While you may not recognize the first grader’s name now, chances are
you will be hearing it again, as she is currently the youngest person to
have created a mobile game app. While computer programming is perhaps
not a typical school activity for an average 7 year old, it is for
students at Zora’s charter school. Zora created the mobile app while
taking part in an initiative by the Foundation for the Advancement of
Technology and Education (FATE).
According to their website FATE
is a “non-profit corporation whose mission is to promote the skilled
and intelligent use of education technology by educators and learners
through targeted demonstration, funding and community networking in the
Greater Philadelphia area.”
Through a program called Bootstrap,
Zora was able to design her video game. Bootstrap teaches students how
to program their own videogames using algebraic and geometric concepts.
While they don’t use actual computer programming language, they
instead use actual math to design simple games.

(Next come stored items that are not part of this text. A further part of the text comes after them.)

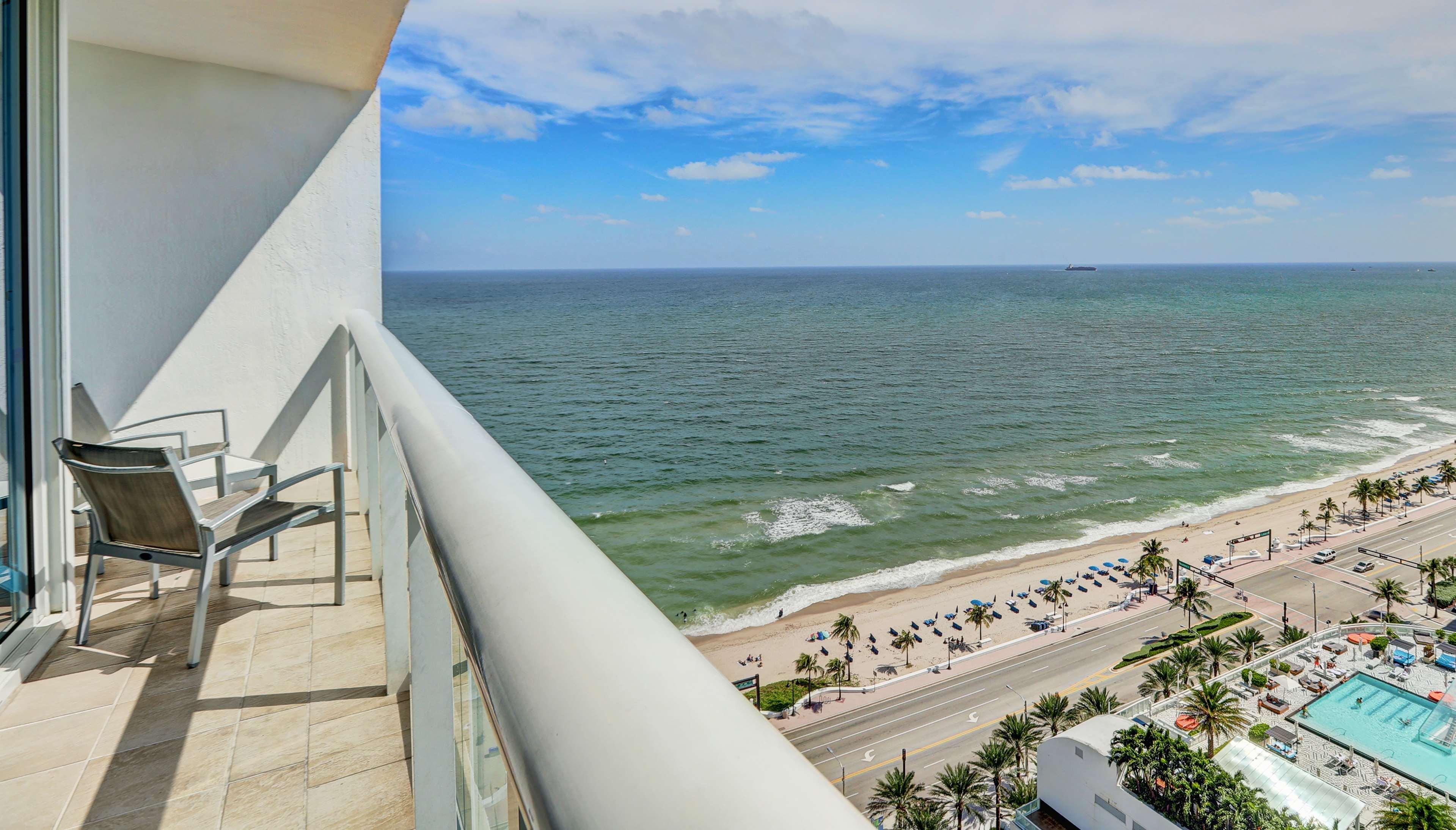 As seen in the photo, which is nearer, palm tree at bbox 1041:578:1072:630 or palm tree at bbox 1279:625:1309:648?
palm tree at bbox 1279:625:1309:648

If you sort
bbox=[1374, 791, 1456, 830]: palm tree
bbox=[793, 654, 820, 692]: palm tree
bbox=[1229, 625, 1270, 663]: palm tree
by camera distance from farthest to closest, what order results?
bbox=[1229, 625, 1270, 663]: palm tree
bbox=[793, 654, 820, 692]: palm tree
bbox=[1374, 791, 1456, 830]: palm tree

Perhaps not surprisingly, mobile video game app creation is not all
just fun and games. Students build the games using algebra and geometry,
thereby making it easier to apply those concepts learned building the
games, to broader mathematical problems. Many computer programming
languages use concept that are actually incompatible with algebra, which
could make it difficult for students to use what they learn in
programming in math class. Bootstrap is engineered so that functions
and variables behave as they do in mathematics, rather than as they do
in classical computer programming, so that mathematical reasoning is
reinforced.
Over time, FATE plans to continue to work with Bootstrap in order to
train more teachers and collect more research. It looks as though we
can look forward to more apps created by kids, as this is just the
beginning of integrating technology and education.